西ローマ帝国、東ローマ帝国に分裂したローマ帝国領にはなだれるようにゲルマン人が侵入し、帝国の各都市は混乱に陥ります。
ここで、ゲルマン人国家について長々と書いてはいけません。ヴァンダル王国やランゴバルド王国、東ゴート王国など多くの国々が建国されますが、ここではローマ帝国に焦点を当ててください。あくまで主語はローマ帝国ですから、ゲルマン人国家について言及する場合は、「西ローマ帝国はゲルマン人国家の建国により、領土を縮小していった。
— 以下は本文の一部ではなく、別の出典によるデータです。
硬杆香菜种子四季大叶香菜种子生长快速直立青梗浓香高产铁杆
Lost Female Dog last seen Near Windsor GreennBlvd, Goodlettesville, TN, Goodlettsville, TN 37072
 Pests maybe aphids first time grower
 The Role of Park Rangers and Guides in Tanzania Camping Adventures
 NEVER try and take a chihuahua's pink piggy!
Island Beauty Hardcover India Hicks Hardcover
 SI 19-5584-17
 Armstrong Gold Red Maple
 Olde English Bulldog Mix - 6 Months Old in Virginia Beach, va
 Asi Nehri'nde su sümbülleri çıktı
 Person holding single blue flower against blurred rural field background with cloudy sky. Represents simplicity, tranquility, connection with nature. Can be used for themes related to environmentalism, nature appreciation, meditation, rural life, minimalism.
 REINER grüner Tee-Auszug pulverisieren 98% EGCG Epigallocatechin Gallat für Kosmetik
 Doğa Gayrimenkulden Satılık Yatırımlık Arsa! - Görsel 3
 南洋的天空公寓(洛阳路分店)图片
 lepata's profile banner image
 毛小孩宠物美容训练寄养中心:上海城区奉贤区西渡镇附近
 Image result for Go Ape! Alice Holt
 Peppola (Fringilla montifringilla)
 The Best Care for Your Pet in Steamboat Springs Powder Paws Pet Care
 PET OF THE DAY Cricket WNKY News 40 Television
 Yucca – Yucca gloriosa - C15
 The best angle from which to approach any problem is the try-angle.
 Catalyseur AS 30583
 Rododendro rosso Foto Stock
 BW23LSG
」くらいに留めるのがいいでしょう。
論述ポイント2
次に、指定語句では476年という年号が出ています。これは何が起きた年でしょうか。これも重要暗記事項、西ローマ帝国の滅亡です。西ローマ帝国の傭兵隊長であったオドアケルが西ローマ皇帝に帝位を譲るよう要求したのが476年です。
オドアケルの国は東ゴート王国によって滅亡します。テオドリック大王の時代のことですね。イタリア半島はいくつかのゲルマン人国家の手に渡り、安定した政治権力のない状態に陥ります。
そのころイタリア半島の北方でフランク人の王クローヴィスがアタナシウス派への改宗を行います。496年のことです。
先ほど、ゲルマン人国家についての言及はあまりしないと書きましたが、指定語句にクローヴィスが入っています。触れないわけにはいきません。もちろんフランク王国は古代ローマ帝国とは異なりますが、ご存知の通り、フランク王国のカール大帝は800年に皇帝の称号をローマ教会から与えられます。このカールの戴冠はローマ帝国復活を意味しました。そのため、王家は違いますが、クローヴィスに始まる、キリスト教アタナシウス派を信仰する政治権力としてクローヴィスが指定語句に含まれているのでしょう。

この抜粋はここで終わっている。